**Problem requirements**.
Copy out each line below verbatim, skipping any picture.

Brief descriptive captions:
***
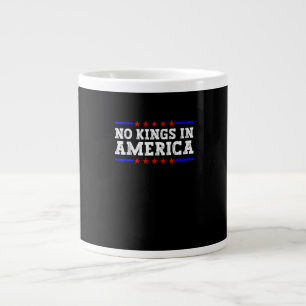 Inga kungar i Amerika motstår retro vintage-grafik Jumbo Mugg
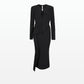 Dalia Black Midi Dress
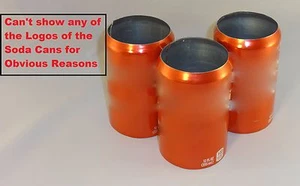 3 pack Red 12 oz Beer Soda Can Covers, Hider, Sleeve Wrap Golf Beach Pool, Fun - Picture 1 of 5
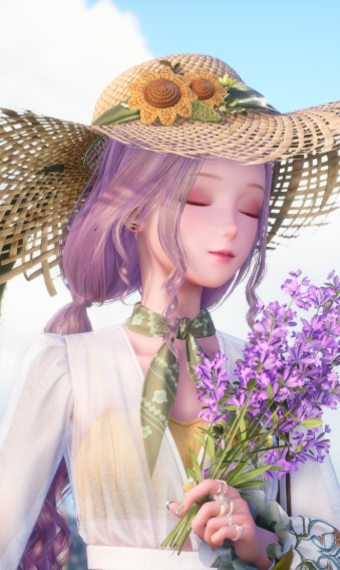 Sunflower, Daisy, Lavender image
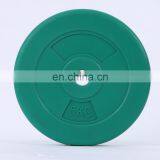 High Quality Body Fitness Equipment Rubber Weightlifting Barbell thumbnail-3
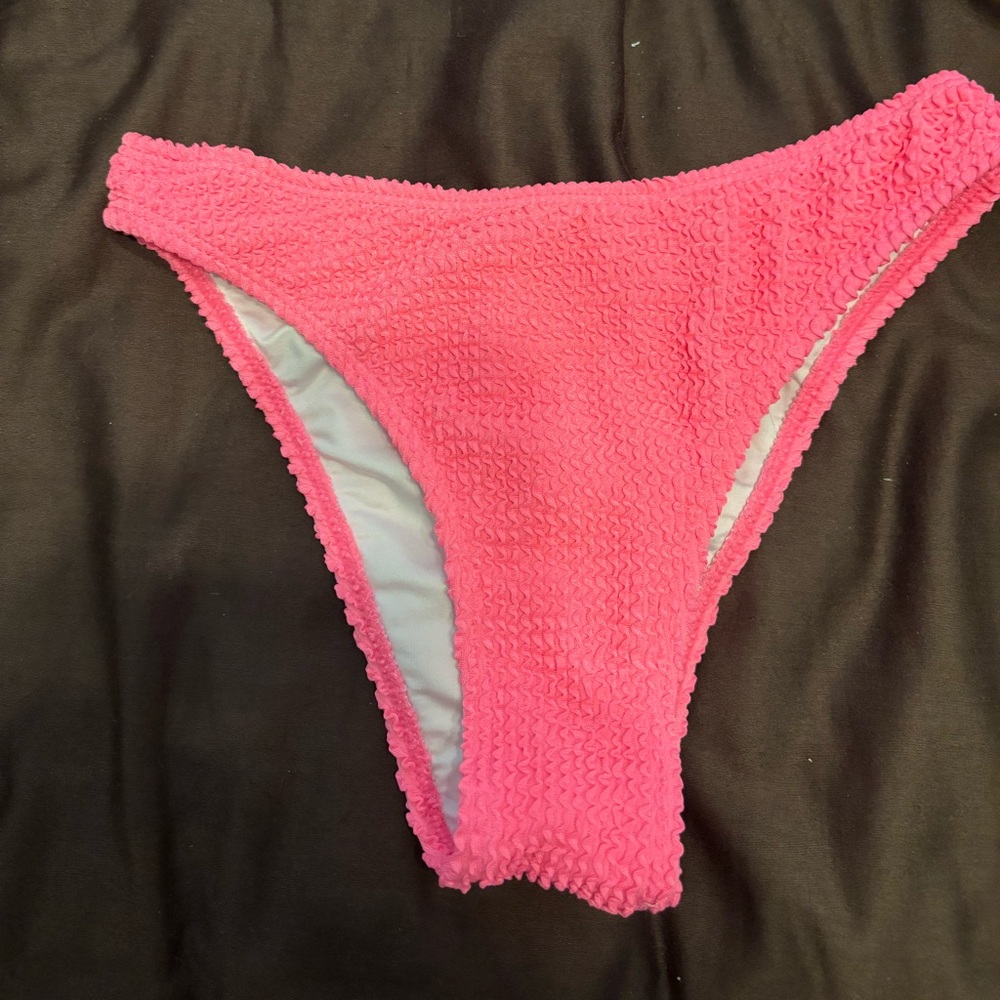 Boutique Pink Textured Women's Swim Bottom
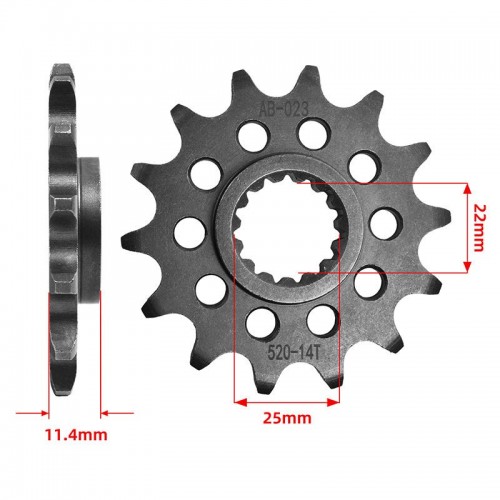 520-14T Forged Carburizing Front Chain Sprocket for KTM 350 400 LC4 Enduro 400 SC 400 SX 620LC4 620SCpicture5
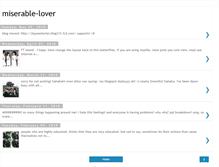 Tablet Screenshot of miserable-lover.blogspot.com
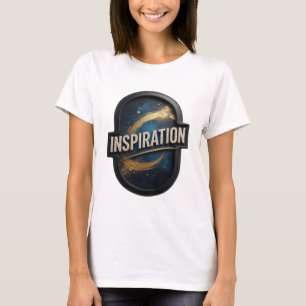 Künstlerischer Gold INSPIRATION Druck T-Shirt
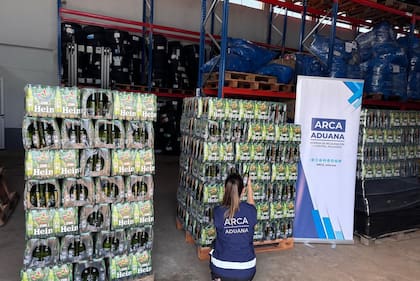 La mercadería secuestrada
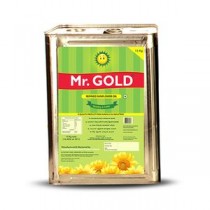 Mr. Gold Refined Sunflower Oil, 15 ltr Tin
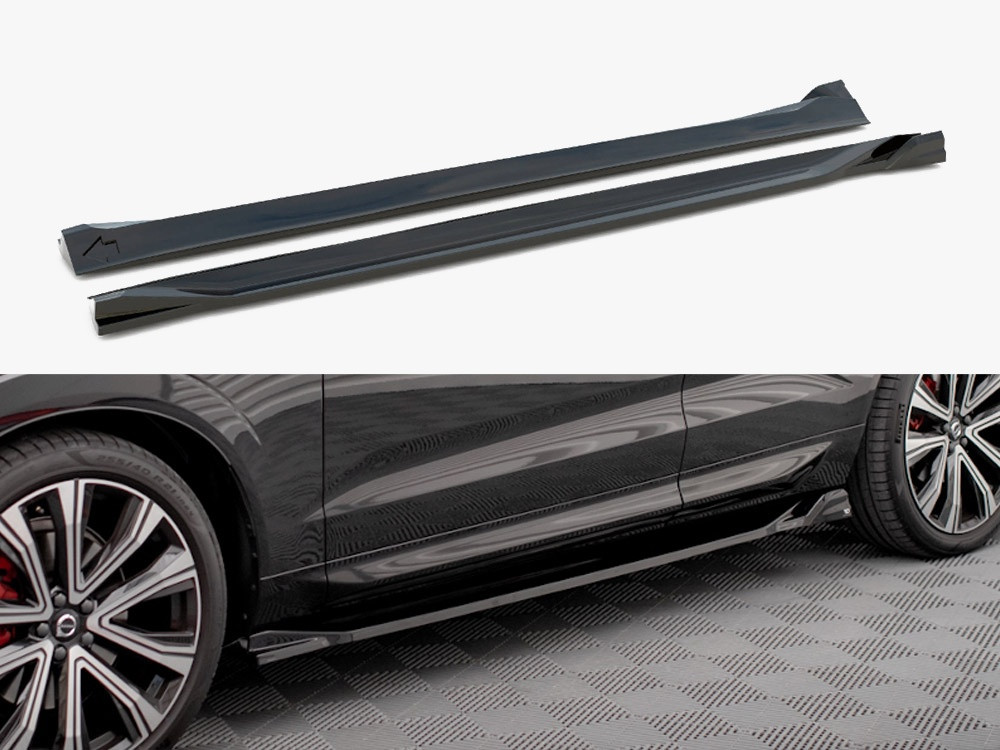 Maxton Side Skirts Diffusers Volvo XC60 R-Design Mk2 Facelift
***
**Solution**.
 Inga kungar i Amerika motstår retro vintage-grafik Jumbo Mugg
 Dalia Black Midi Dress
 3 pack Red 12 oz Beer Soda Can Covers, Hider, Sleeve Wrap Golf Beach Pool, Fun - Picture 1 of 5
 Sunflower, Daisy, Lavender image
 High Quality Body Fitness Equipment Rubber Weightlifting Barbell thumbnail-3
 Boutique Pink Textured Women's Swim Bottom
 520-14T Forged Carburizing Front Chain Sprocket for KTM 350 400 LC4 Enduro 400 SC 400 SX 620LC4 620SCpicture5
 Tablet Screenshot of miserable-lover.blogspot.com
 Künstlerischer Gold INSPIRATION Druck T-Shirt
 La mercadería secuestrada
 Mr. Gold Refined Sunflower Oil, 15 ltr Tin
 Maxton Side Skirts Diffusers Volvo XC60 R-Design Mk2 Facelift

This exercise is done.